In the seven months since that time David Trimble has clearly decided that what he could not achieve in negotiations, he will now attempt to achieve by refusing to implement an agreement which he himself helped negotiate.
Unionism is on a go slow, approaching stop. Their stance puts the entire agreement at risk as they raise preconditions, which are not part of the document. Unionism is engaged in a battle against change. They are effectively on a campaign to renegotiate the Agreement.
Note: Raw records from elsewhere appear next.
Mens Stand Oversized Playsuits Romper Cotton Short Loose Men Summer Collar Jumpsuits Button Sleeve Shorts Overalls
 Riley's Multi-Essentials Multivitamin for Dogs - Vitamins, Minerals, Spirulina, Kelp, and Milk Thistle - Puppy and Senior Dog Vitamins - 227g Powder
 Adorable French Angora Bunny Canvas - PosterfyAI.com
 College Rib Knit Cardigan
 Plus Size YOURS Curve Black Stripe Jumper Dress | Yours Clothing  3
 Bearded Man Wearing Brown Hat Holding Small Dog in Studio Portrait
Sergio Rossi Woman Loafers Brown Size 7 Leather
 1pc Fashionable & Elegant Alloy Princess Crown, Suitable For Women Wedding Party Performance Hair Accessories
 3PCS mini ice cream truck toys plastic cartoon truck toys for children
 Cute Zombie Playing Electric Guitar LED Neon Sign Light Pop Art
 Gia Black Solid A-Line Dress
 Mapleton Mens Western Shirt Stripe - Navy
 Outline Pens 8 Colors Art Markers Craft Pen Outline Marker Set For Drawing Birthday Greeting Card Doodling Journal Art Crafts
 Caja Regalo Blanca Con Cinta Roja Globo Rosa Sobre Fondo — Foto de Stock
Sinn Fein signed up to the Agreement and we want to see it implemented in all its aspects and according to the timescales laid down in the document. The reality, however is, that the provisions on structures and institutions in the agreement are not being implemented. The only institution so far in place is the Assembly itself. The only shadow executive positions in place are the First and Deputy First Ministers designate. The October 31st deadline for the establishment of the full Shadow Executive has expired. The North/South Ministerial Council has not been established. The agreement is already in default at this time.
The sole responsibility for this lies with First Minister Designate, David Trimble who is attempting to quite blatantly rewrite the Agreement on Unionist terms. To insert new preconditions and resurrect the politics of exclusion.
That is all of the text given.